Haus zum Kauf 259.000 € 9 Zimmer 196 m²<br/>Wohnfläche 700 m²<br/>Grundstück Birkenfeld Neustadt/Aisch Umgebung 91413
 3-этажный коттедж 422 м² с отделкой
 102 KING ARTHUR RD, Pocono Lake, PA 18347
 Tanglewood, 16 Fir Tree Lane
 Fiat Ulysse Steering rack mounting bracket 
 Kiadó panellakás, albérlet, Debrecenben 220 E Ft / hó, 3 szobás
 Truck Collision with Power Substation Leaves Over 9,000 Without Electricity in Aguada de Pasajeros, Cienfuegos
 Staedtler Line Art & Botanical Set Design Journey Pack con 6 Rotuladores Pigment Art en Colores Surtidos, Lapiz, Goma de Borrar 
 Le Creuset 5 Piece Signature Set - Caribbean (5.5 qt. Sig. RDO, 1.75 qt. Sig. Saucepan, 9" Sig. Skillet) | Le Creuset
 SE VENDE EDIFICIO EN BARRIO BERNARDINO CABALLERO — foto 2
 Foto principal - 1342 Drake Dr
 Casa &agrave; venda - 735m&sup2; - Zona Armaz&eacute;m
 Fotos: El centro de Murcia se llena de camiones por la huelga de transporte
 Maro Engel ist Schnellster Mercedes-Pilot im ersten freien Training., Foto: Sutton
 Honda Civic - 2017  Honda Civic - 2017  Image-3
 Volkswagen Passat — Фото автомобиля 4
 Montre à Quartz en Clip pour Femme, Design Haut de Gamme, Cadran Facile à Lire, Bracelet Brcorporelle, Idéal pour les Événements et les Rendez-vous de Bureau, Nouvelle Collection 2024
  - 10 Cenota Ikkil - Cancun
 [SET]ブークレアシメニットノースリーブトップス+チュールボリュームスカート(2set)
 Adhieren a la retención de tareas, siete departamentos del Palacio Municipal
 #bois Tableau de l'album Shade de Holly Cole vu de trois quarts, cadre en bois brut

**WHAT YOU NEED TO DO:** Copy the entries word for word. Start at the first line and end with the line containing "Fiat Ulysse Steering rack mounting bracket".

**RESULT OF THIS TASK:**
Haus zum Kauf 259.000 € 9 Zimmer 196 m²<br/>Wohnfläche 700 m²<br/>Grundstück Birkenfeld Neustadt/Aisch Umgebung 91413
 3-этажный коттедж 422 м² с отделкой
 102 KING ARTHUR RD, Pocono Lake, PA 18347
 Tanglewood, 16 Fir Tree Lane
 Fiat Ulysse Steering rack mounting bracket 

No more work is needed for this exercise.